In the initial diagnostic approach, anamnesis and physical examination should first focus on the identification of elements suggestive of infections. These include the acute onset, local pain and inflammation (such as soft consistency and free mobility of lymph nodes on the subcutaneous regions), and risk factors for zoonosis. In patients with clearly suspected infectious lymphoproliferation, the choice of performing laboratory investigations and/or ultrasound depends on the clinical picture and individual condition (Figure 1). However, it is pivotal to remark that, when bacterial lymphadenitis is highly suspected, prompt empirical therapy should be initiated independently from the diagnostic assessment.

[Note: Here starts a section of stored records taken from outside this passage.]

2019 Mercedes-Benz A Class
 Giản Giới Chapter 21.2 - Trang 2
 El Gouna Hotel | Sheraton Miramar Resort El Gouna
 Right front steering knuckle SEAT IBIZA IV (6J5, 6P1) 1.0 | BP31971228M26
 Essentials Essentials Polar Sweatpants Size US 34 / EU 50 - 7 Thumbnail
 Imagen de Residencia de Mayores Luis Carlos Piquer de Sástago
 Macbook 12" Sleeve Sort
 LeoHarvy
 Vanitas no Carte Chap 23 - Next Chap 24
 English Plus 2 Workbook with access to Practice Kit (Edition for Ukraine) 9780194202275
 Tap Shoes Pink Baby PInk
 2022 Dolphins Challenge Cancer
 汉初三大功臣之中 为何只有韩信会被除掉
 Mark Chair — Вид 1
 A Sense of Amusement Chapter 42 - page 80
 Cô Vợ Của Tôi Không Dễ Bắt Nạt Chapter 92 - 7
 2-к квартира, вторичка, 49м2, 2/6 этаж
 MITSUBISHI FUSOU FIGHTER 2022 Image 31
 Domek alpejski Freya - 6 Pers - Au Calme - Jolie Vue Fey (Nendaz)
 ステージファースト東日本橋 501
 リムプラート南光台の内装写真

Figure 1 First-level approach to patients presenting with lymphoproliferation.

Abbreviations: CMV, Cytomegalovirus; CRP, C-reactive protein; CT, Computed tomography; EBV, Epstein-Barr virus; ESR, Erythrocyte sedimentation rate; GAS, Group A Streptococcus, HLH, Hemophagocytic lymphohistiocytosis; IGRA, Interferon-gamma release assay; NTM, Nontuberculous mycobacteria; PET, Positron emission tomography; TST, tuberculin skin test; US, Ultrasound.

Notes: This algorithm identifies the patients with a clinical picture suggestive for infection (green boxes) and malignancy (red boxes) and those with a less defined clinical picture (yellow boxes). The diagnostic approach for patients with suspected infection or malignancy is provided, evidencing that first-level analysis and US imaging are mandatory in patients with high risk of malignancy. On the other hand, when infection is suspected, the choice about performing laboratory and imaging investigations relies on the individual situation. Patients without a clearly defined diagnosis should be periodically re-assesses and eventually undergo further investigations. *There is no uniform consensus regarding the need to perform prolonged antibiotic treatment in NTM lymphadenitis, and some authors suggest to perform only clinical observation. **PET and CT can be performed also before lymph nodal biopsy based on the clinical judgement.

Among the main warning signs to suspect malignant lymphoproliferation, the chronic and progressive course of the disease, and the association with systemic involvement (fever, weight loss, itching, night sweating) should always be investigated. However, the sensibility of these signs is limited.15,16 Concerning physical assessment, as a general rule, in patients with malignancy lymph nodes present enhanced consistency and are nonpainful and without mobility on the lower plans, in the absence of signs of local inflammation.22 The simultaneous presence of mediastinal enlargement is strongly suggestive of malignancy, as well as the finding of supraclavicular lymph nodes. When lymphoma is suspected, performing an abdomen ultrasound (US) and chest X-ray is mandatory to evidence the involved areas.23 Laboratory investigations are often non-specific for the diagnosis of lymphoma. They typically show elevation of inflammatory markers (specifically, ESR), that can be associated with chronic, microcytic anemia and leukocytosis. On the other hand, the laboratory picture is generally highly suggestive in the case of acute leukemia and HLH.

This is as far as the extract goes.